> _Directions for this task_: The copy you return should hold every record below word for word and no images.
◇ ◇ ◇ ◇ ◇ ◇ ◇
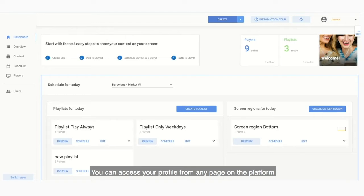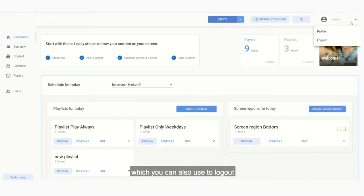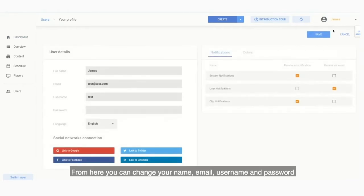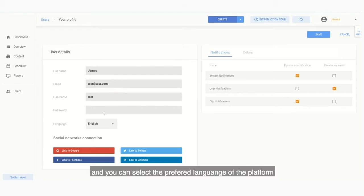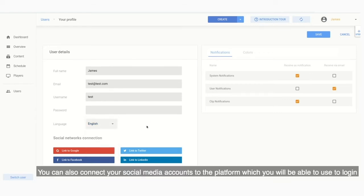You can access your profile from any page on the platform by clicking on the username in the top right hand corner, which you can also use to log out. From here you can change your name, email, username, and password, and you can select the preferred language of the platform. You can also connect your social media accounts to the platform.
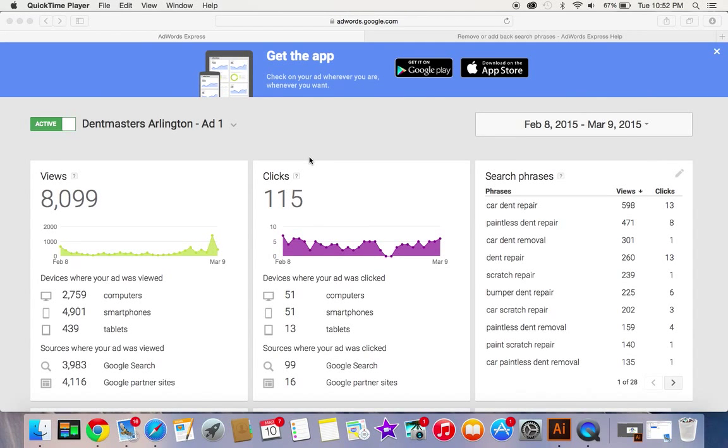Hey guys, Richard with Dentmasters here. Just wanted to give a quick update to my last Google AdWords Express video. Last time I showed you how to sign up and start an Express campaign.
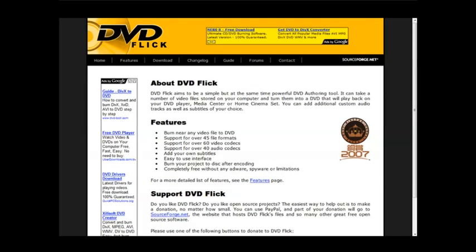In this video you're going to learn how to create your own DVD that will play on your DVD player from your own video files. You're going to use free software called DVD Flick, you can find it at dvdflick.net.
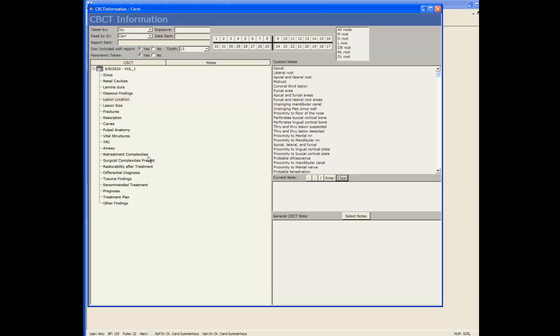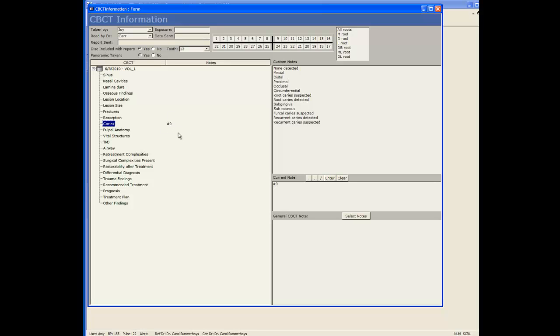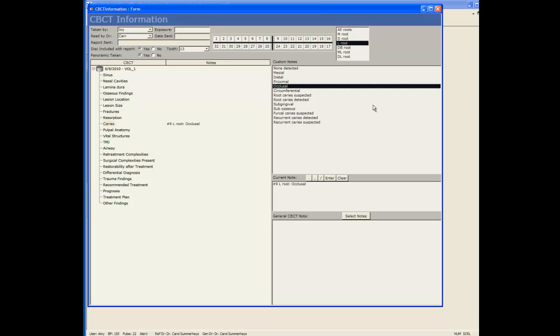I want to enter a carries note. I select carries on the left, select a tooth number at the top and this will add the tooth number to my current note. I can select a root if I wish to and then these custom notes here are common items that you would enter as a note for that individual item.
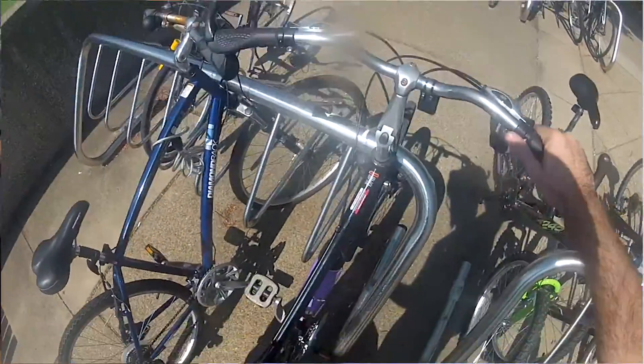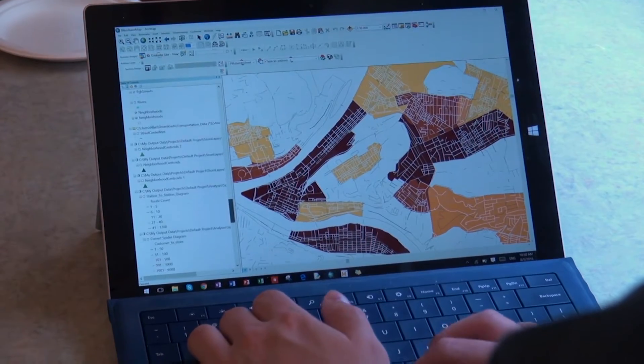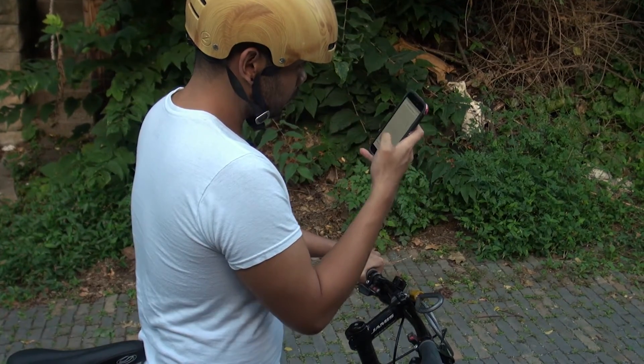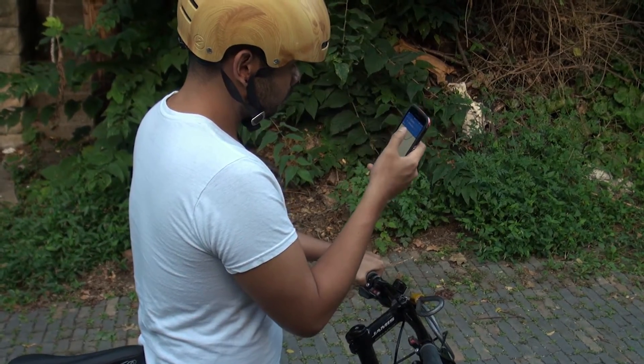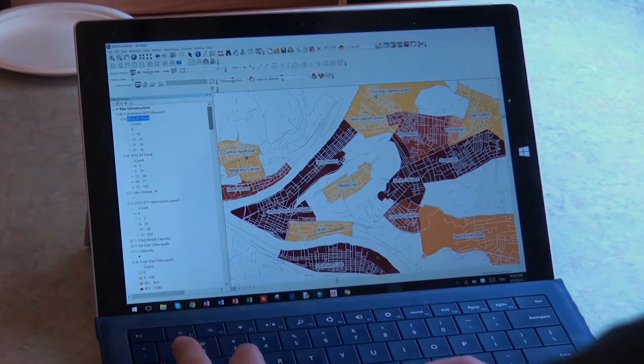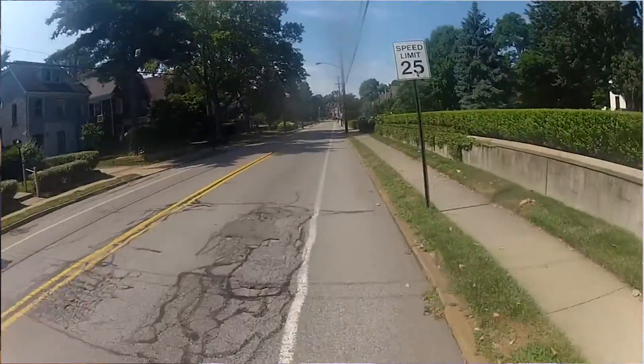Another goal is to create an application for bicycle users. We're going to compile all this data and create a formula which takes into consideration things like bike safety and slope of the roads. Bikers should be able to go on a website, customize which factors they prioritize, and we'll give them the best route they should take in order to get to their destination.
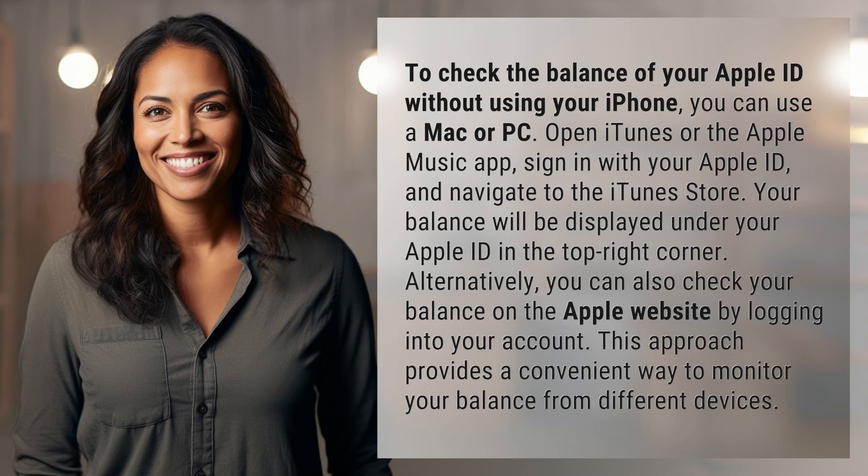To check the balance of your Apple ID without using your iPhone, you can use a Mac or PC. Open iTunes or the Apple Music app, sign in with your Apple ID, and navigate to the iTunes store.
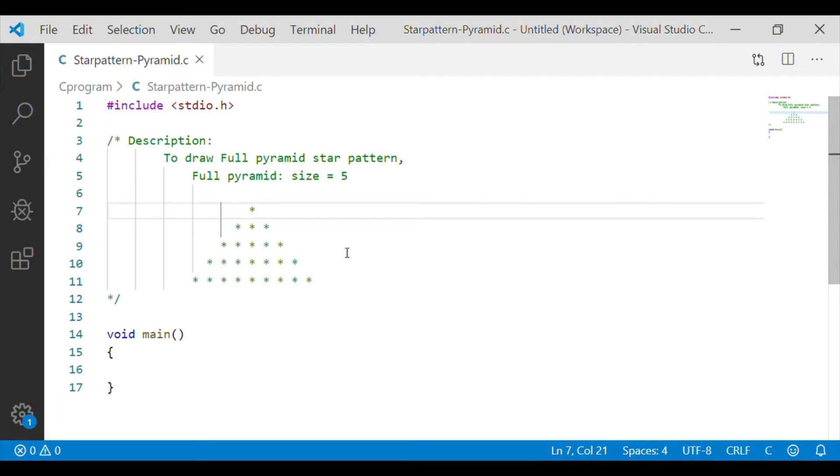Welcome back to our channel. In this video let us write the C program to print the full pyramid star pattern.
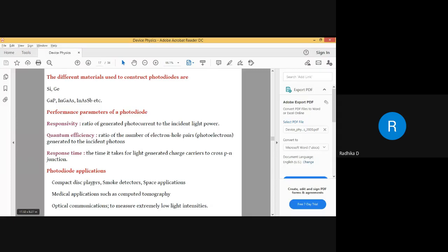Application-wise there are many applications: CD players, smoke detectors, medical applications, and obviously optical communications — wherever you get only low light but need to generate current and apply it for something, photodiodes are very much useful.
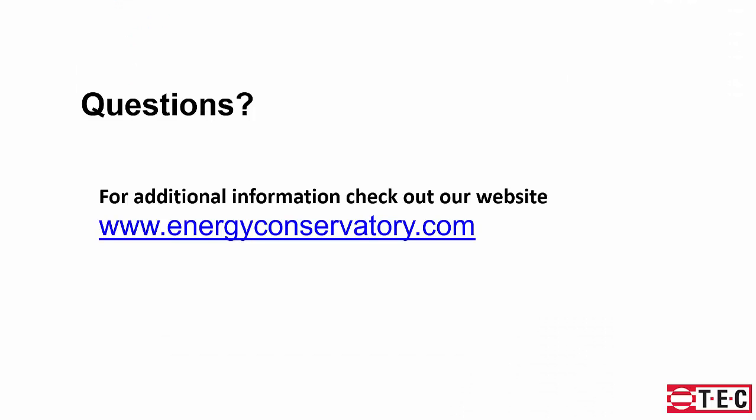That's it for our demo. If you have any questions, feel free to visit our website at energyconservatory.com.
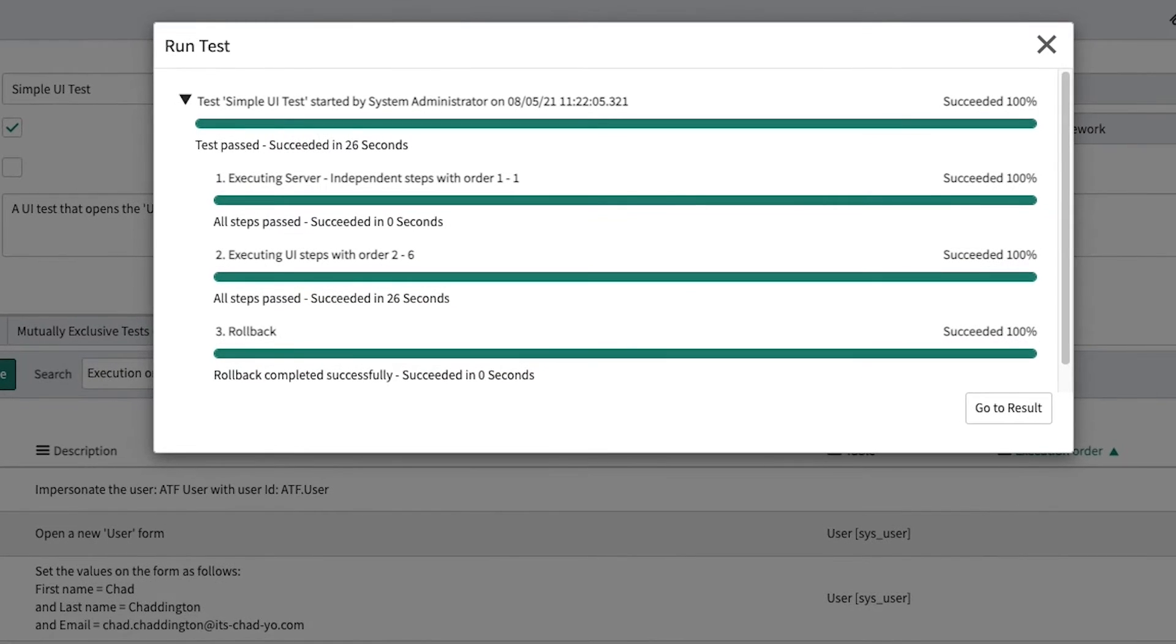The challenge here is that it requires an active browser to execute the test runner. This often requires manual intervention and can sometimes prove unreliable.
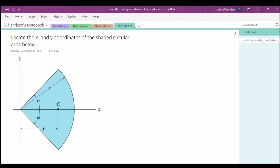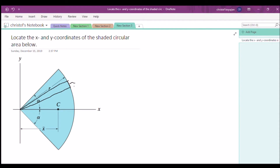By using polar coordinates, if we make a cross section — like a little pizza slice — it'll be a triangular type of cross section. This is our cross section: a triangular type of piece. And this is going to be our thickness, which is our differential angle dθ.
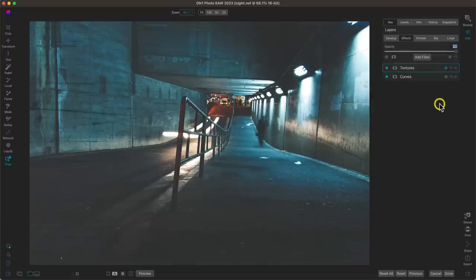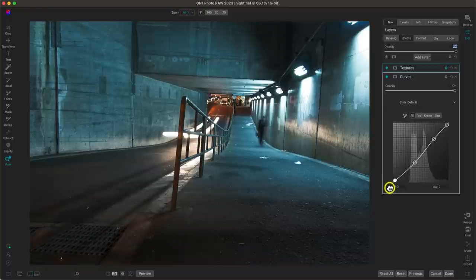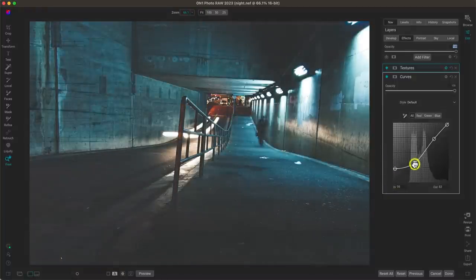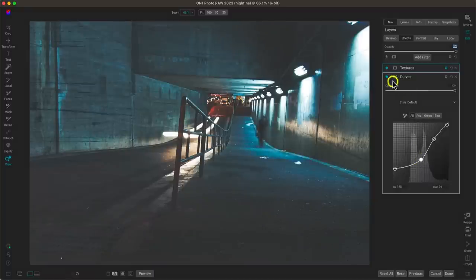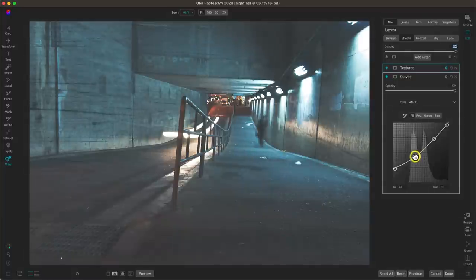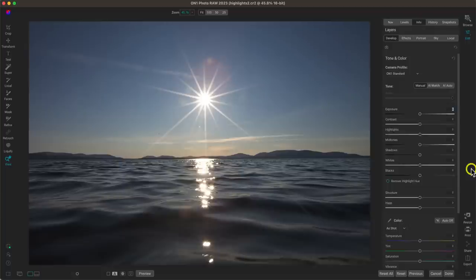When it comes to faded and matte looks, it's all about that black point — pull it up and then fine-tune with a shadow/midtone adjustment. So that was creating faded and matte looks. Let's move on to the next tip.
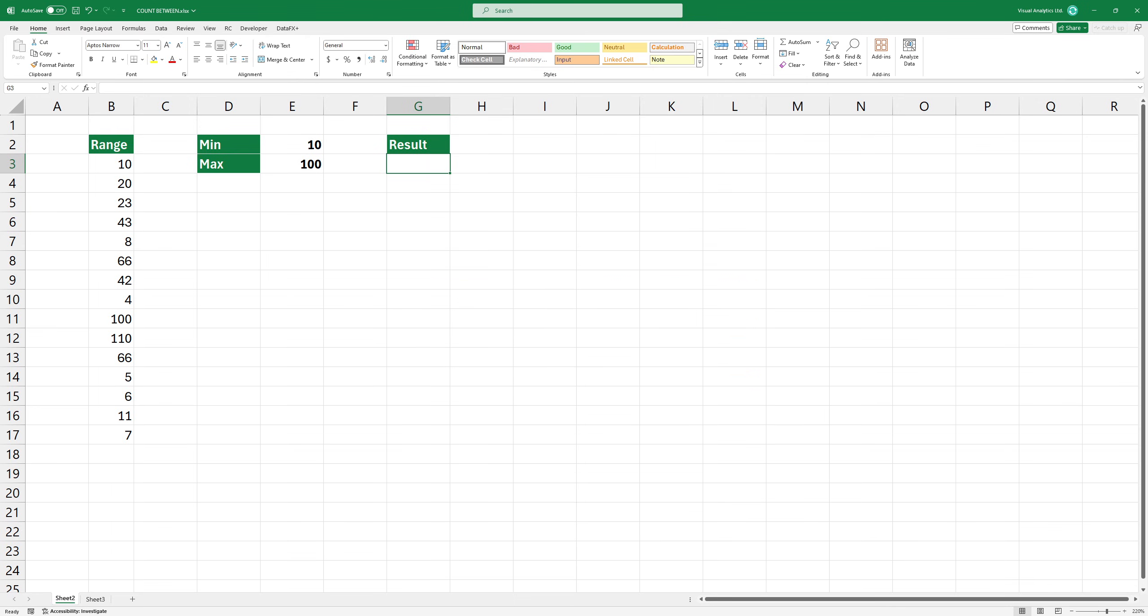Our goal is to filter out and count numbers from this list that are greater than or equal to 10 and less than or equal to 100.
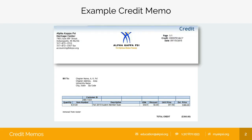The header contains the Heritage Center's contact information, the corporate logo, and information pertaining to your memo. It will list if the memo is more than one page, followed by the credit memo number and the date it was written. All of this information will be helpful when you're reviewing their statements to compare the information.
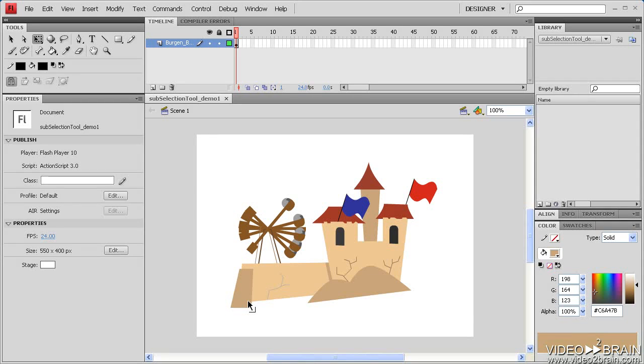The subselection tool has two main purposes. It can move individual objects, or it can move or edit individual anchor points found on a vector path or shape.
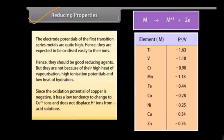Reducing properties: the electrode potentials of the first transition series metals are quite high, hence they are expected to be oxidized easily to their ions and should be good reducing agents. Substances which help others get oxidized and in return get reduced are oxidizing agents, while those that help others in reduction are reducing agents. However, d block elements are not strong reducing agents because of their high heat of vaporization, high ionization potential, and low heat of hydration. Since the oxidation potential of copper is negative, it has a low tendency to form Cu²⁺ ions and does not displace H⁺ ions from acid solutions.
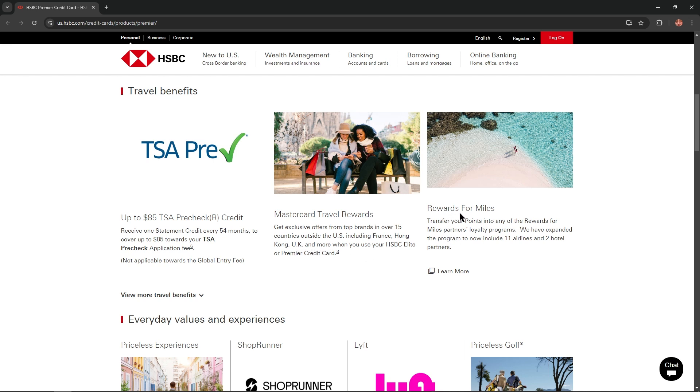Rewards for miles: Transfer your points into any of the rewards for miles partners' loyalty programs. We have expanded the program to now include 11 airlines and 2 hotel partners.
◇ ◇ ◇ ◇ ◇ ◇ ◇
> _Exercise response_:
You can access your profile from any page on the platform by clicking on the username in the top right hand corner, which you can also use to log out. From here you can change your name, email, username, and password, and you can select the preferred language of the platform. You can also connect your social media accounts to the platform.
Hey guys, Richard with Dentmasters here. Just wanted to give a quick update to my last Google AdWords Express video. Last time I showed you how to sign up and start an Express campaign.
In this video you're going to learn how to create your own DVD that will play on your DVD player from your own video files. You're going to use free software called DVD Flick, you can find it at dvdflick.net.
I want to enter a carries note. I select carries on the left, select a tooth number at the top and this will add the tooth number to my current note. I can select a root if I wish to and then these custom notes here are common items that you would enter as a note for that individual item.
Another goal is to create an application for bicycle users. We're going to compile all this data and create a formula which takes into consideration things like bike safety and slope of the roads. Bikers should be able to go on a website, customize which factors they prioritize, and we'll give them the best route they should take in order to get to their destination.
To check the balance of your Apple ID without using your iPhone, you can use a Mac or PC. Open iTunes or the Apple Music app, sign in with your Apple ID, and navigate to the iTunes store.
Welcome back to our channel. In this video let us write the C program to print the full pyramid star pattern.
Application-wise there are many applications: CD players, smoke detectors, medical applications, and obviously optical communications — wherever you get only low light but need to generate current and apply it for something, photodiodes are very much useful.
That's it for our demo. If you have any questions, feel free to visit our website at energyconservatory.com.
The challenge here is that it requires an active browser to execute the test runner. This often requires manual intervention and can sometimes prove unreliable.
By using polar coordinates, if we make a cross section — like a little pizza slice — it'll be a triangular type of cross section. This is our cross section: a triangular type of piece. And this is going to be our thickness, which is our differential angle dθ.
When it comes to faded and matte looks, it's all about that black point — pull it up and then fine-tune with a shadow/midtone adjustment. So that was creating faded and matte looks. Let's move on to the next tip.
Our goal is to filter out and count numbers from this list that are greater than or equal to 10 and less than or equal to 100.
The header contains the Heritage Center's contact information, the corporate logo, and information pertaining to your memo. It will list if the memo is more than one page, followed by the credit memo number and the date it was written. All of this information will be helpful when you're reviewing their statements to compare the information.
The subselection tool has two main purposes. It can move individual objects, or it can move or edit individual anchor points found on a vector path or shape.
Reducing properties: the electrode potentials of the first transition series metals are quite high, hence they are expected to be oxidized easily to their ions and should be good reducing agents. Substances which help others get oxidized and in return get reduced are oxidizing agents, while those that help others in reduction are reducing agents. However, d block elements are not strong reducing agents because of their high heat of vaporization, high ionization potential, and low heat of hydration. Since the oxidation potential of copper is negative, it has a low tendency to form Cu²⁺ ions and does not displace H⁺ ions from acid solutions.
Rewards for miles: Transfer your points into any of the rewards for miles partners' loyalty programs. We have expanded the program to now include 11 airlines and 2 hotel partners.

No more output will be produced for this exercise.